Data provided:
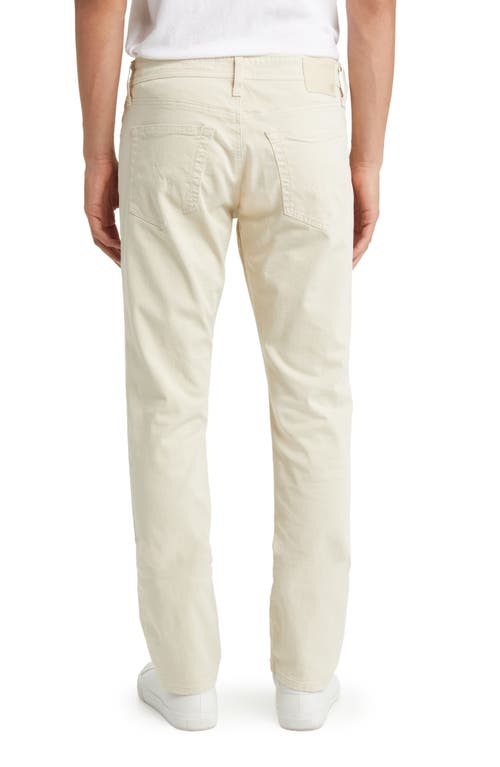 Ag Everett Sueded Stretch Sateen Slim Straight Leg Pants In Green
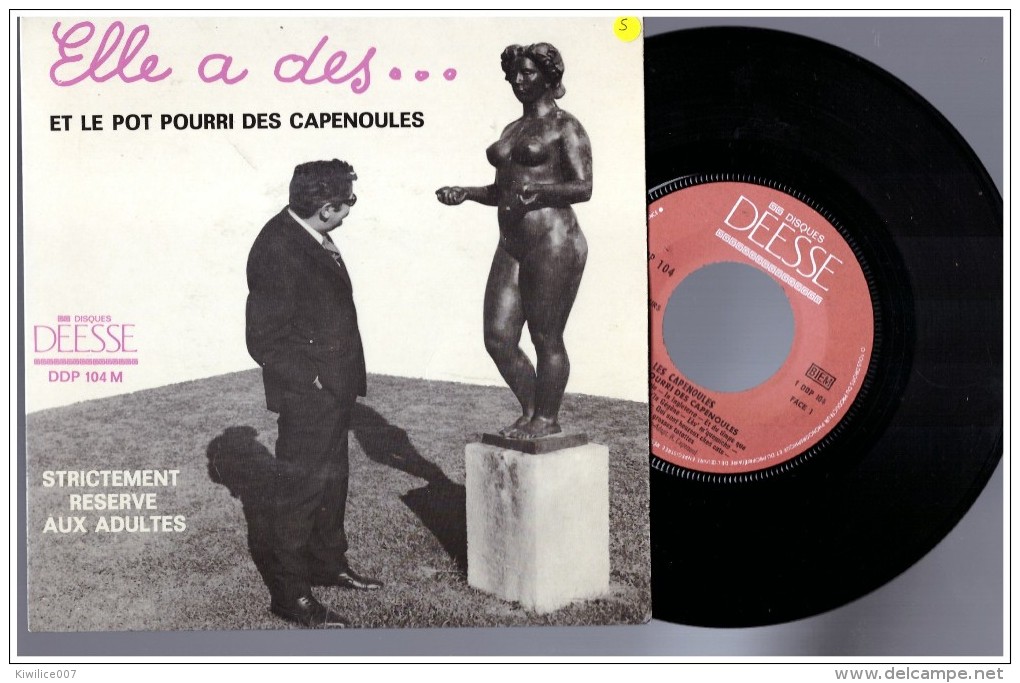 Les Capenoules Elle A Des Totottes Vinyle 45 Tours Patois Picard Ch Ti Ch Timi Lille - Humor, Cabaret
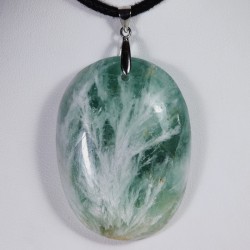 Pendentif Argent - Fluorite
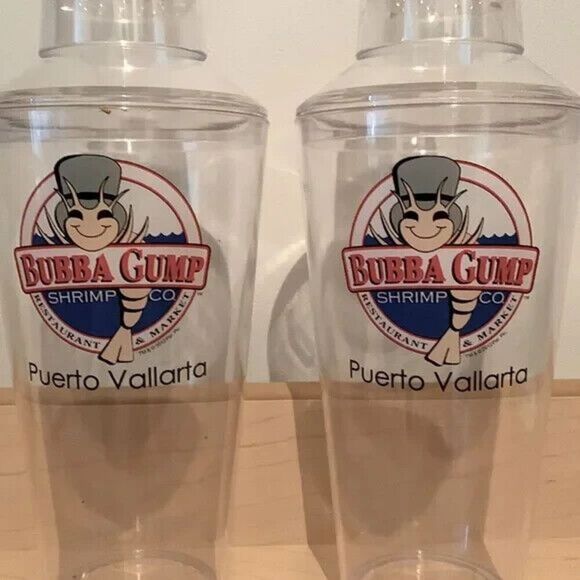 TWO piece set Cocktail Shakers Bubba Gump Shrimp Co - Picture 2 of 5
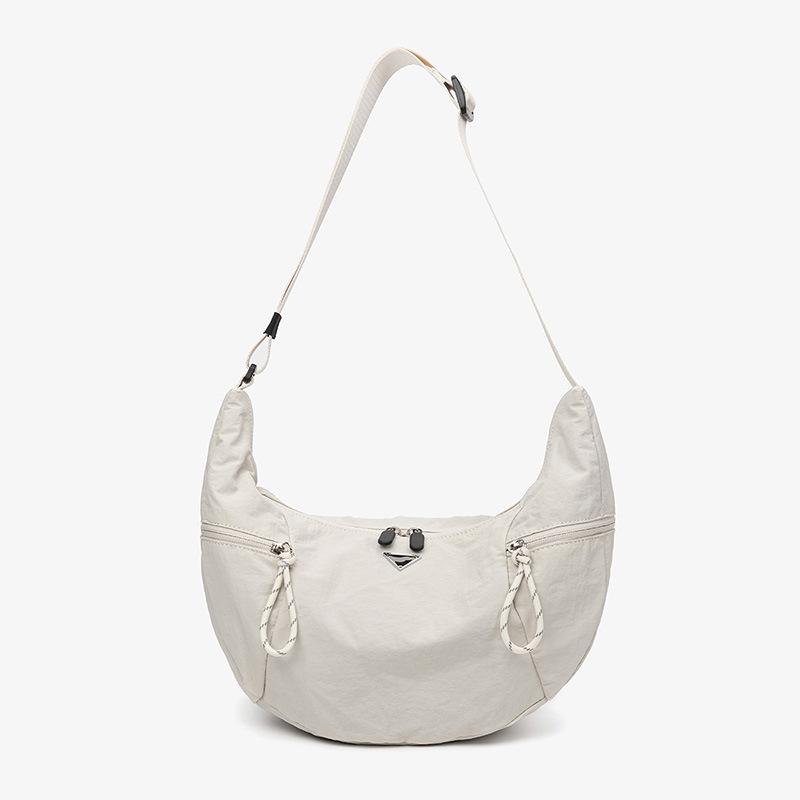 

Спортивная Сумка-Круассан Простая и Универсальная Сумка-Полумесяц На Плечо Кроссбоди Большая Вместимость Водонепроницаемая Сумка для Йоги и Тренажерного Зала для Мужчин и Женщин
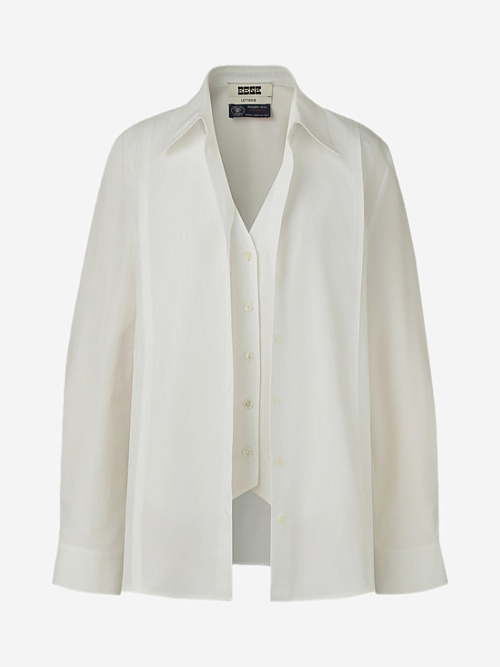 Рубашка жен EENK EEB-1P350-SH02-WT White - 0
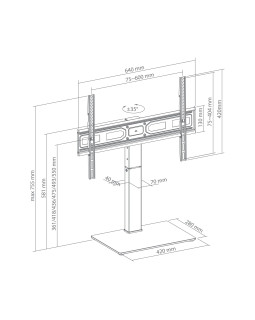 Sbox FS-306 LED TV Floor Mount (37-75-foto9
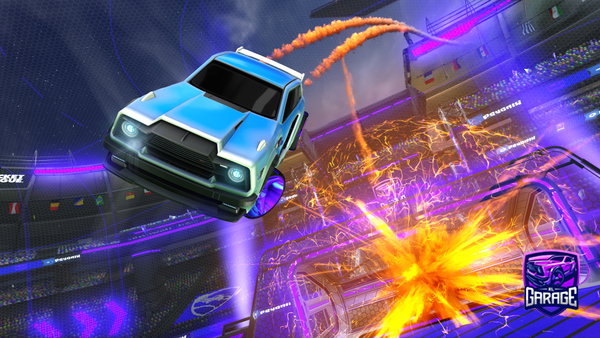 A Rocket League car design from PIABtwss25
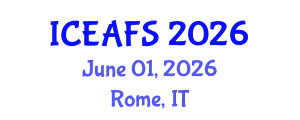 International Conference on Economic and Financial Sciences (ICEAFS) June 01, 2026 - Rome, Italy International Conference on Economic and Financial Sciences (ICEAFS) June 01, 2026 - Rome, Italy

* * *

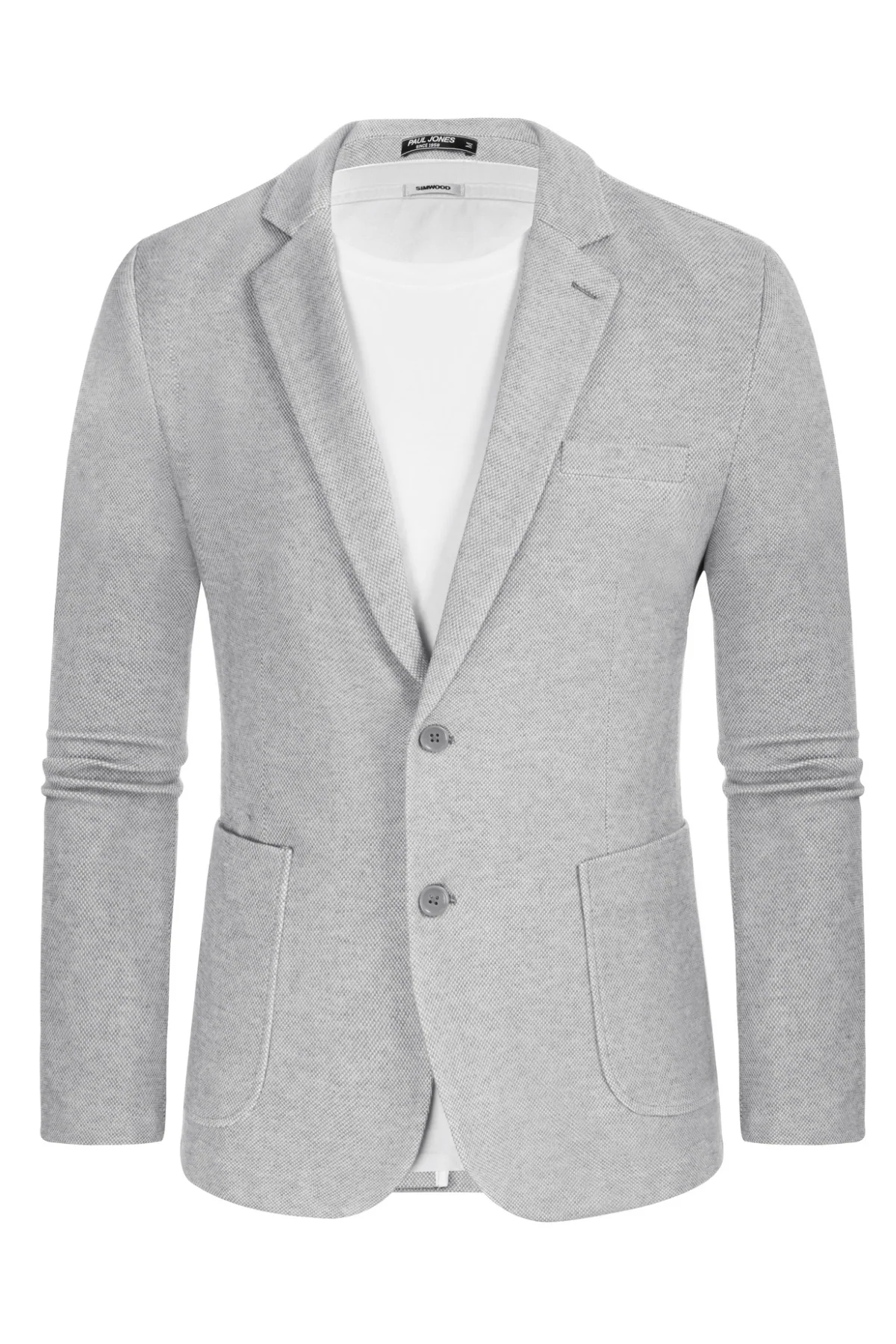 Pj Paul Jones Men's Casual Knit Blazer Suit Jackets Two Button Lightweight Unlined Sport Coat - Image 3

Problem statement: Print, word for word, the lines above that run from the line containing "Ag Everett Sueded" to the line containing "Rome, Italy International", both included. Keep the pictures out.

Answer for the task:
 Ag Everett Sueded Stretch Sateen Slim Straight Leg Pants In Green
 Les Capenoules Elle A Des Totottes Vinyle 45 Tours Patois Picard Ch Ti Ch Timi Lille - Humor, Cabaret
 Pendentif Argent - Fluorite
 TWO piece set Cocktail Shakers Bubba Gump Shrimp Co - Picture 2 of 5

Спортивная Сумка-Круассан Простая и Универсальная Сумка-Полумесяц На Плечо Кроссбоди Большая Вместимость Водонепроницаемая Сумка для Йоги и Тренажерного Зала для Мужчин и Женщин
 Рубашка жен EENK EEB-1P350-SH02-WT White - 0
 Sbox FS-306 LED TV Floor Mount (37-75-foto9
 A Rocket League car design from PIABtwss25
 International Conference on Economic and Financial Sciences (ICEAFS) June 01, 2026 - Rome, Italy International Conference on Economic and Financial Sciences (ICEAFS) June 01, 2026 - Rome, Italy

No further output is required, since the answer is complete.